À Gignac, le RN voit un complot antifasciste… et saisit la préfète

Le Poing Publié le 11 mars 2026 à 23:18
Manifestation montpelliéraine contre l'extrême-droite le 14 juin dernier à Montpellier. (Photo de Mathieu Le Coz/Hans Lucas)

Un rassemblement contre le racisme prévu samedi 14 mars à Gignac a provoqué l’indignation d’une députée RN de l’Hérault. Persuadée que l’initiative vise son camp en pleine période électorale, elle a saisi la préfète. Le collectif local, lui, assure parler de racisme et de fascisme en général. Si certains se sentent visés, c’est peut-être qu’ils se reconnaissent

À Gignac, la mobilisation nationale contre le racisme prévue samedi 14 mars a déclenché une réaction pour le moins nerveuse du côté du Rassemblement national.

Le Collectif citoyen de Gignac et de la vallée de l’Hérault appelle en effet à un rassemblement à 10 h 30 sur le marché hebdomadaire, dans le cadre d’une journée d’action organisée partout en France contre le racisme, le fascisme et les violences d’État. L’appel, largement diffusé à l’échelle nationale, évoque notamment la mémoire de plusieurs victimes de violences racistes ou policières et appelle à se mobiliser « pour barrer la route au fascisme » et défendre l’égalité des droits.
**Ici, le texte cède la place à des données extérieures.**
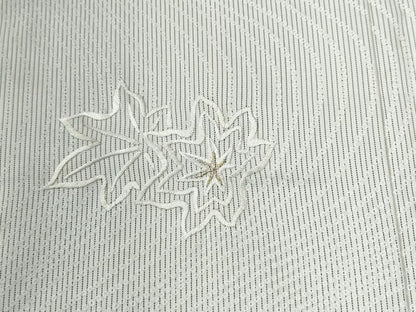 平和屋着物●訪問着　本場縞大島紬　総刺繍　竜田川渡り橋花文　金彩　正絹　逸品　CABG1068yc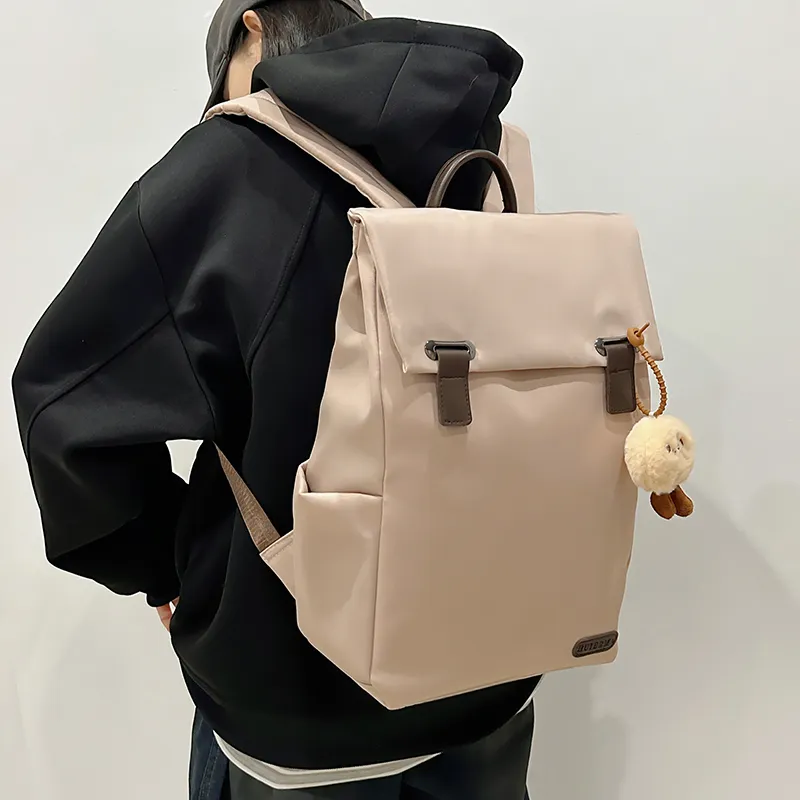 GOBLIN SHARKS 1759 Nylon Backpack Large Size Unisex Khaki/Black/Pink-4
Un appel politique, donc, mais pas spécifiquement municipal. Du moins jusqu’à ce qu’une élue RN décide d’y voir un message personnel.

Sur Facebook, la députée RN de l’Hérault Manon Bouquin s’est ainsi alarmée de ce rassemblement, qu’elle présente comme une tentative d’« enfreindre le droit électoral » à la veille du scrutin. Selon elle, ce collectif « citoyen » serait en réalité « d’extrême-gauche » et organiserait une mobilisation visant en particulier la candidate RN Amélie Drevet.

Dans son message, la députée traduit même le vocabulaire militant pour ses lecteurs. « Rassemblement antifasciste et luttes locales », écrit-elle, ce qui signifierait selon elle « contre tous ceux qui ne pensent pas comme eux ». Une interprétation qui a au moins le mérite de la franchise.

Surtout, l’élue s’inquiète du timing de l’initiative, organisée la veille de l’élection municipale. Elle rappelle que les candidats et leurs soutiens sont normalement soumis au silence électoral durant cette période et s’interroge sur la possibilité pour la mairie d’autoriser le stand prévu sur le marché.

Conclusion de cette inquiétude institutionnelle : la députée annonce avoir saisi la préfète de l’Hérault afin d’« alerter sur cette infraction annoncée du code électoral », pour que les électeurs puissent voter « dans des conditions sereines ».

Du côté du collectif local, la réponse ne s’est pas fait attendre. Les organisateurs rappellent que leur rassemblement « ne parle pas du RN mais du racisme, du fascisme et de l’extrême droite en général ». Ils soulignent également qu’il s’agit d’un appel national dont ils se sont simplement emparés localement, et qu’il « n’a jamais été question des municipales ».

Quant au lien établi par la députée entre ce rassemblement et son parti, les militant-es laissent chacun juge. « Si la députée y voit un lien avec son parti, c’est de sa responsabilité », écrivent-ils, estimant que la sortie publique de l’élue relève surtout d’une tentative « d’intimider la mobilisation ».

En tout cas, une chose est sûre : il suffit parfois de prononcer les mots « fascisme » ou « extrême droite » pour que certains responsables RN lèvent la main tout seuls.